Skip to content

Improved Exploration in GFlowNets via Enhanced Epistemic Neural Networks

Conference: ICML 2025
arXiv: 2506.16313
Code: None
Area: Others
Keywords: GFlowNets, epistemic uncertainty, Epistemic Neural Networks, Thompson sampling, exploration

TL;DR

This paper integrates Epistemic Neural Networks (ENN/epinet) into GFlowNets to achieve uncertainty-driven exploration, proposing the ENN-GFN-Enhanced algorithm. It significantly improves mode discovery efficiency and distribution learning quality on HyperGrid and sequence generation tasks.

Background & Motivation

Background: GFlowNets are a class of generative models that sample objects proportional to a reward through sequential construction, finding crucial applications in scientific discoveries such as molecular design.

Limitations of Prior Work: (a) GFlowNets are prone to mode collapse during training, getting attracted to prematurely discovered modes; (b) conventional exploration strategies (on-policy, \(\epsilon\)-noisy) are inefficient; (c) existing Thompson Sampling (TS-GFN) approximates the posterior using ensembles, which entails high computational overhead and limited joint prediction quality.
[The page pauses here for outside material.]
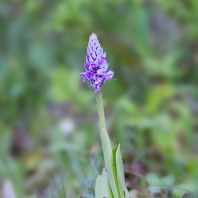 vstavač vojenský - Orchis militaris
Key Challenge: The performance of GFlowNets depends heavily on the quality of sampled trajectories, yet effective exploration requires awareness of epistemic uncertainty—namely, knowing "what is not known".
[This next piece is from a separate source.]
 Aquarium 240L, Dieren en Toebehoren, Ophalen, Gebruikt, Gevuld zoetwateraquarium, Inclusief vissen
Key Insight: Use ENN (epinet) instead of ensembles to obtain more efficient joint prediction and uncertainty quantification.
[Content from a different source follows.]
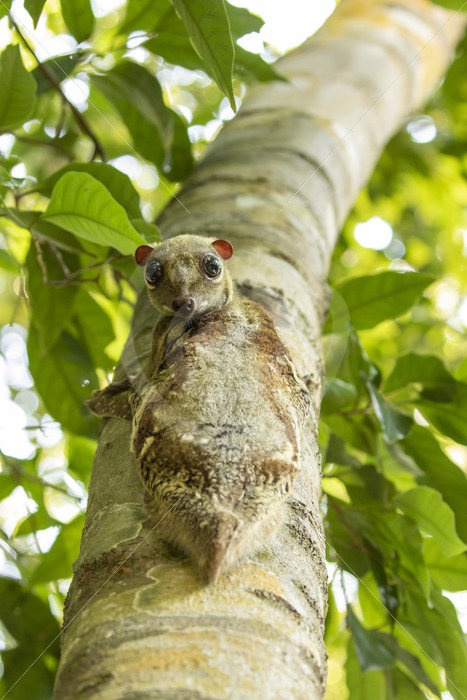 Colugo looking down in The Datai Bay, Langkawi, Malaysia - Nature Stock Photo Agency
Core Idea: Attach a lightweight epinet module to the GFlowNet's policy network to implement implicit Thompson Sampling via epistemic index sampling.

Method

Overall Architecture

Input: GFlowNet + Reward function \(\rightarrow\) Attach epinet after the policy network \(\rightarrow\) Sample epistemic index \(z \sim P_Z\) \(\rightarrow\) Generate uncertainty-aware policy \(\rightarrow\) Sample trajectories \(\rightarrow\) Update with TB loss \(\rightarrow\) Iteratively improve distribution learning.

Key Designs

  1. ENN and Epinet:

    • The ENN output additionally depends on an epistemic index \(z\): \(f_\theta(x,z) = \mu_\zeta(x) + \sigma_\eta(\text{sg}[\phi_\zeta(x)], z)\)
    • \(\mu_\zeta(x)\): base network output
    • \(\sigma_\eta\): learnable epinet (lightweight MLP) + fixed prior function \(\sigma_P\)
    • sg denotes stop-gradient to prevent epinet from influencing base network feature learning
    • Joint prediction: \(\hat{P}^{\text{ENN}}(y_{1:\tau}) = \int_z P_Z(dz) \prod_t \text{softmax}(f_\theta(x_t, z))_{y_t}\)
    • Design Motivation: ENN achieves calibrated epistemic uncertainty estimation with minimal computational overhead.
  2. ENN-GFN (Basic Version):

    • Attach epinet to the forward policy network of GFlowNet.
    • Sample a set of \(z\) for each trajectory, combining prior network outputs via weighted sum.
    • Design Motivation: Direct application of the ENN framework to GFlowNets.
  3. ENN-GFN-Enhanced (Enhanced Version):

    • Key difference: Instead of weighted sum, randomly select one prior ensemble member.
    • Maintains an approximate posterior policy similar to TS-GFN.
    • However, uncertainty estimation comes from the epinet rather than an ensemble.
    • Design Motivation: Combining the explorative advantage of Thompson Sampling with the efficient uncertainty estimation of ENN.

Loss & Training

  • Trajectory Balance (TB) Loss: $\(\mathcal{L}_{\text{TB}}(\tau;\theta) = (\log \frac{Z_\theta \prod P_F(s_{t+1}|s_t)}{R(s_n) \prod P_B(s_t|s_{t+1})})^2\)$
  • Simultaneously update parameters of both the base network and epinet.

Key Experimental Results

Main Results (2D HyperGrid, 8×8, \(R_0=10^{-4}\))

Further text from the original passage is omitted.